EXERCISE DATA:
■ ■ ■ ■
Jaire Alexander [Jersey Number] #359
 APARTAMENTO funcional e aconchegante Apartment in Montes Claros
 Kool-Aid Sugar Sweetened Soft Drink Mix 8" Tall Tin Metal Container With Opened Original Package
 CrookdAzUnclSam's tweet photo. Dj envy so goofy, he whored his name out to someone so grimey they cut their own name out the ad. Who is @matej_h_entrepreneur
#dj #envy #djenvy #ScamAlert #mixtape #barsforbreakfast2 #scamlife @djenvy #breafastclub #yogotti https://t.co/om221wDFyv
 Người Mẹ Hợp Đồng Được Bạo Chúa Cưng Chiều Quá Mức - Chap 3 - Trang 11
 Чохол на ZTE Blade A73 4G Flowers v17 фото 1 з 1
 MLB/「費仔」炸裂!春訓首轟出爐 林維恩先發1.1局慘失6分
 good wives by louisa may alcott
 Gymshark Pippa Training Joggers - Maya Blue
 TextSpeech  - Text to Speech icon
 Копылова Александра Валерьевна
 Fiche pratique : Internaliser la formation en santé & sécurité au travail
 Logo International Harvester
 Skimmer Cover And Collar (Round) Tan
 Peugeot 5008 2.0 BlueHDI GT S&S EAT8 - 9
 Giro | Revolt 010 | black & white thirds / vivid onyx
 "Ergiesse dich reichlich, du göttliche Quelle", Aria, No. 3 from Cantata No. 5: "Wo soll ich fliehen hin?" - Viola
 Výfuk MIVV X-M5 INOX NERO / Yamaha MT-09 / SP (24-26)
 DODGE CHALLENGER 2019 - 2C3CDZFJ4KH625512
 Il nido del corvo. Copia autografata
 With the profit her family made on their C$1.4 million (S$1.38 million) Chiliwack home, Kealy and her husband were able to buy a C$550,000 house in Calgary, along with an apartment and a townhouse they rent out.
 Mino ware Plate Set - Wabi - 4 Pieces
■ ■ ■ ■
WORK TASK: How many of the lines above include the word "With"? State that number and nothing else.

SOLUTION TO THIS PROBLEM: 2